孔子は子路篇でこう言う。「其の身正しければ、令せずして行わる。其の身正しからざれば、令すと雖も従わず」。リーダーの人格が正しければ、命じなくとも人は動く。逆に人格が伴わなければ、いくら命令を重ねても人は従わない。組織を本当に動かしているのは、規則の量ではなく、上に立つ者の在り方なのだ。
これは、規則(法)と人格(徳)のどちらが人を治めるのかという、古くて新しい問いでもある。この主題は別稿「徳治と法治 ― リーダーが本当に人を動かすのはどちらか」で詳しく論じたが、結論はここでも同じだ。規則は土台を、人格は方向と意味を与える。両方が要る。そして土台の上に立って人を動かす力こそ、「仁」なのである。
経営者の「仁」は、三つの言葉に表れる
では、経営者にとっての「仁」とは具体的にどう振る舞うことか。冒頭で挙げた孔子の三つの答えは、そのまま経営者の指針になる。
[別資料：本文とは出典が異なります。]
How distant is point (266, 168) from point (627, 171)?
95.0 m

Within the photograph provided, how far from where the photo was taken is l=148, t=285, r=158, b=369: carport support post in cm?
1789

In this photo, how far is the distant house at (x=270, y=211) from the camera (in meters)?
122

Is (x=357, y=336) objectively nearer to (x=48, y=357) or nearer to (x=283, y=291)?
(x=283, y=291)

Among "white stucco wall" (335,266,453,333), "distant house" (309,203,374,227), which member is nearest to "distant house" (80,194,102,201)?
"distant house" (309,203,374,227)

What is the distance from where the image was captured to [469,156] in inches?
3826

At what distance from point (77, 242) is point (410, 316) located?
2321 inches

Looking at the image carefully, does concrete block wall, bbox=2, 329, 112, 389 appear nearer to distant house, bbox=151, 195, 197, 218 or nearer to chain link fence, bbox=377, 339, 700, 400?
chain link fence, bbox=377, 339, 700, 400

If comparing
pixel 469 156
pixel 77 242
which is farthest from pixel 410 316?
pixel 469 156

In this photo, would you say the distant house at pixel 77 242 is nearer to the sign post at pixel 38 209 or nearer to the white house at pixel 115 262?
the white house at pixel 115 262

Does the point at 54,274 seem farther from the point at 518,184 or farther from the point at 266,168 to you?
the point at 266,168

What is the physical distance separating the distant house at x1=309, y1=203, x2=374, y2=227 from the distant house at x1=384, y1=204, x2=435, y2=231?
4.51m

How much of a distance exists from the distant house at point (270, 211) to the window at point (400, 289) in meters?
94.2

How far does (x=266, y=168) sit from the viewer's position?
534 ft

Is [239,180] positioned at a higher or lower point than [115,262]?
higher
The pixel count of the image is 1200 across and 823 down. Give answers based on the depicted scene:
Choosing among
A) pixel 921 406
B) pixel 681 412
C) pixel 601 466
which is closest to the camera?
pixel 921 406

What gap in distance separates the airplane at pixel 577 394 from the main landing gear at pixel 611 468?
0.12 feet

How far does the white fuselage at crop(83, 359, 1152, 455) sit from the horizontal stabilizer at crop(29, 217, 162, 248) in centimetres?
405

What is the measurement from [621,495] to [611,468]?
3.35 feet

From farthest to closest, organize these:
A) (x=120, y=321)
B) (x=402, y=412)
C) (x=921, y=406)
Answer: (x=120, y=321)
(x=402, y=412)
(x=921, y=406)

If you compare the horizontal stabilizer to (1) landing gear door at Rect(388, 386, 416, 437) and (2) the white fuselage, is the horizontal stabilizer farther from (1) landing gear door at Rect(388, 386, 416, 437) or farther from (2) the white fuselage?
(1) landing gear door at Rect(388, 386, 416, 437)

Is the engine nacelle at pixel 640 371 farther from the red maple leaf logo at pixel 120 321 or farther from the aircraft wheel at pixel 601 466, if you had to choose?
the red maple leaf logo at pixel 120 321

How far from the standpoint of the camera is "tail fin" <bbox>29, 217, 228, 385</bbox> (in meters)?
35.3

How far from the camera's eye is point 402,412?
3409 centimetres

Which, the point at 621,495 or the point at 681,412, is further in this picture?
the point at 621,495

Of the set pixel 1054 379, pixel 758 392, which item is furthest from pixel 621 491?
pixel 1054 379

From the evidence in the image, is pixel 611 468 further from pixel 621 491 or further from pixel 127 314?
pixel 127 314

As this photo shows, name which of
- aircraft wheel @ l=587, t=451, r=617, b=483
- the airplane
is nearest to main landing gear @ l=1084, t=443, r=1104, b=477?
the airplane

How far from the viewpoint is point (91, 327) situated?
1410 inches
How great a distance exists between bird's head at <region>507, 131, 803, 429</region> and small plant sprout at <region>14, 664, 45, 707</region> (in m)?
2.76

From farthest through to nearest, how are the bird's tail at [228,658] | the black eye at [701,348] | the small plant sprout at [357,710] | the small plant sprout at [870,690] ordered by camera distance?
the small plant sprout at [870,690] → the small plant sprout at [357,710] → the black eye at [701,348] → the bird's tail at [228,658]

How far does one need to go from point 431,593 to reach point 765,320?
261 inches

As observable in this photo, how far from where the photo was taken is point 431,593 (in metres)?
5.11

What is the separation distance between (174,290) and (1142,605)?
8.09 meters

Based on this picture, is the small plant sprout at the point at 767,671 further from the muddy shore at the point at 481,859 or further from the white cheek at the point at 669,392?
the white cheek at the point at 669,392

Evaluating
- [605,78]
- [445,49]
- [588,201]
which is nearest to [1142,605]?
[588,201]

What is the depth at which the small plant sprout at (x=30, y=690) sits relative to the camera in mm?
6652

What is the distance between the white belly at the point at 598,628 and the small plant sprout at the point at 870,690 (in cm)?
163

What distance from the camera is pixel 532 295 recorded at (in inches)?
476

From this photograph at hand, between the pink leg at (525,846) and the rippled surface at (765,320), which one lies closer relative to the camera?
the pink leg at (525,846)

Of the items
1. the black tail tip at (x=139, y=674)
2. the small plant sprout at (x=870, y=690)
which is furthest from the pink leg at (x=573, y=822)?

「己の欲せざるところを人に施すことなかれ」——自分がされて嫌なことを、部下に課さない。自分がやりたくない仕事を押し付けない。当たり前のようでいて、立場が上がるほど忘れられていく戒めだ。
「人を愛する」——社員を数字や駒としてではなく、一人の人間として見る。その人の成長や、背負っている人生にまで関心を持つ。仁とは、つまるところ他者への深いまなざしである。
「克己復礼」——まず自分を律する。感情に任せて叱らない、約束を守る、私心で判断を曲げない。仁は、他者への態度である前に、自分自身への厳しさから始まる。リーダーが己に克つ姿を見せたとき、言葉以上の説得力が生まれる。
この三つを、特別な場面ではなく日々の小さな振る舞いに落とし込んでいく。その積み重ねが、規則では決して買えない信頼を、組織のなかに静かに育てていくのである。
まとめ
経営者として「仁」を問うことは、管理コストを下げる最も本質的な取り組みかもしれない。
規則を増やし、監視を強めるほど、人はその裏をかこうとする。だが、リーダーの人格への信頼があれば、細かな規則の多くは要らなくなる。人を動かすのは、結局のところ規則ではなく人格だ——孔子が二千五百年前に見抜いていたこの真実は、今日の経営にこそ、静かに、しかし確かに効いている。